'Spotlight' Puts Theaters' Own Studio Out Front in Oscar RaceBy
Largest chains backed film pegged as Academy Award favorite
Open Road Films was started because studios cut back
Hollywood movie studios spend millions of dollars promoting their Oscar contenders in the final months of the year, yet the favorite to win the Academy Award for best picture of 2015 is a film backed by the two biggest U.S. theater owners.
“Spotlight” stars Michael Keaton and Mark Ruffalo as the Boston Globe journalists who broke the story about the Catholic Church hierarchy’s cover-up of a pedophile scandal. The picture has a 9-2 chance to win best picture, according to a panel of critics, writers and others surveyed by GoldDerby.com, an industry website.
A big nomination would burnish the artistic reputation of Open Road Films, which was founded almost five years ago by Regal Entertainment Group and AMC Entertainment Holdings Inc. That could come as soon as Thursday when the Golden Globes nominations are announced by the Hollywood Foreign Press Association. “Spotlight” is a shoo-in to be a finalist for best drama, according to GoldDerby.
“It does change a lot,” Chief Executive Officer Tom Ortenberg said in an interview. When Open Road is associated with high quality movies, “people in Hollywood, they take notice.”
Regal and AMC operate far from the glitz and glamor of the film industry. AMC, based in Kansas City, Missouri, was taken over by China’s Dalian Wanda Group Co. in 2012 and went public the next year, while Regal is based in Knoxville, Tennessee. The companies created Open Road in 2011 to acquire and distribute films because Hollywood studios weren’t making enough to fill their seats.
In recent years, studios like Warner Bros., owned by Time Warner Inc., and Walt Disney Co. have focused on a smaller number of big-budget releases based on known properties such as DC Comics or Marvel, while cutting back on less expensive, star-driven dramas. Making sequels is seen as less risky than producing original concepts.
That created a void for films like “Spotlight,” which appeal to fans outside the younger demographic that the studios target with blockbuster films. Last year the company also distributed the critically acclaimed “Nightcrawler” and “Chef.”
Potential Oscar winners, while often not as big commercially as a superhero film, can enjoy an extended run in theaters, bolstered by publicity surrounding annual nominations and awards.
Still, the awards are dominated by the major Hollywood studios. 20th Century Fox backed the last two Oscar winners and this year has “The Martian,” the Matt Damon space adventure. It’s running second at GoldDerby at 7-to-1. The film has generated $573.3 million in worldwide ticket sales, according to Box Office Mojo. Fox also has No. 3, “The Revenant.”
Open Road hasn’t had a big impact on the box office yet. It has distributed six films this year, including “Spotlight,” and has generated just $59 million at the domestic box office, out of a total of $9.97 billion.
“It’s not a major driver yet, but it’s profitable and getting there,” said Eric Wold, an analyst with B. Riley & Co.
Changes in the entertainment industry have sometimes led to tensions between cinema chains and studios. Both are under pressure from digital distributors like Netflix Inc. that have drawn fans away from cinemas and DVDs. Theaters have also been resisting pressure from studios to shorten the months of exclusivity they typically get before movies go to home video.
Amid the turbulence, Open Road is giving the theater chains more control over what’s shown onscreen. While the company was formed originally to fill the gaps left by studios, the ambitions have changed, said Ortenberg, an executive producer of the film.
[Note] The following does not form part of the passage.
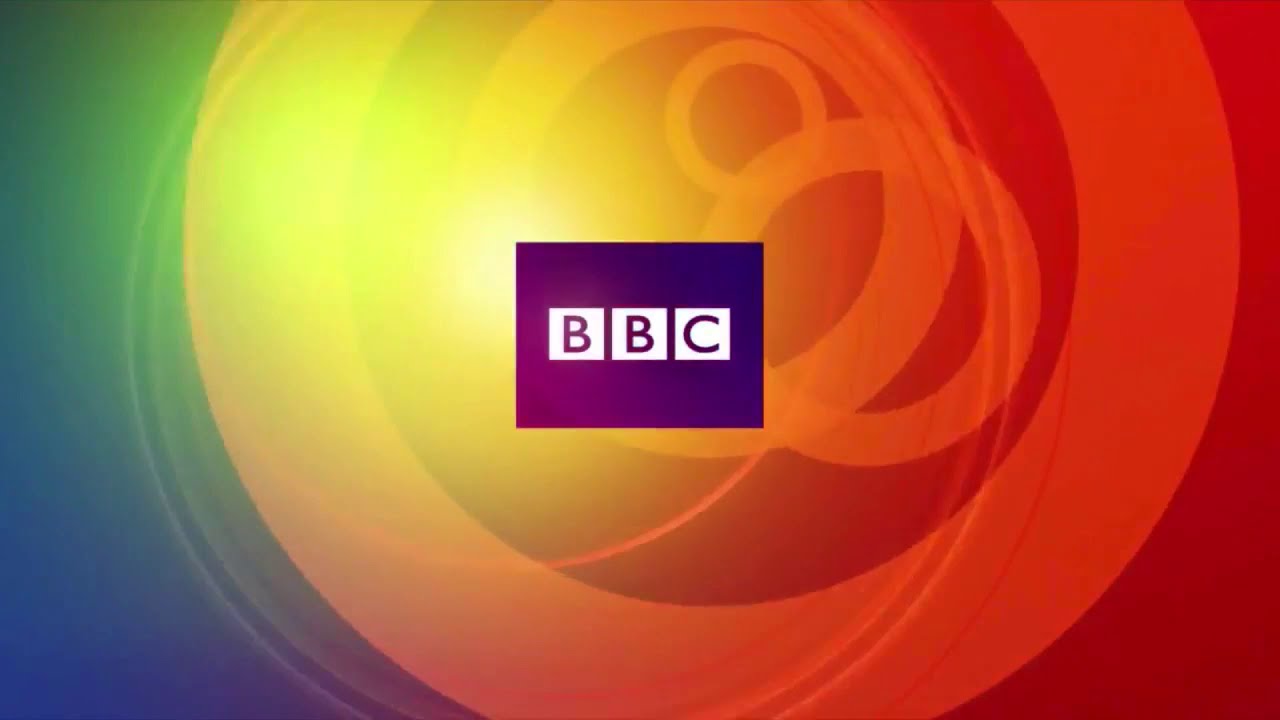  BBC Worldwide/BBC Studios "Flashing Box" logo (2009-2018) - Short Version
“Spotlight,” which cost $15 million to produce, is one of Open Road’s biggest risks to date. The company got involved when it was just a script, said Ortenberg, a former executive at Lions Gate Entertainment Corp. and The Weinstein Co. “Sleepless Night,” a thriller due in 2016, will be its first fully financed movie produced in-house, he said.
“When we were first starting four-plus years ago, we weren’t in a position to help create our own movies,” Ortenberg said. Now, the distributor can “get involved earlier, like we did at the script stage with this, and help shape things.”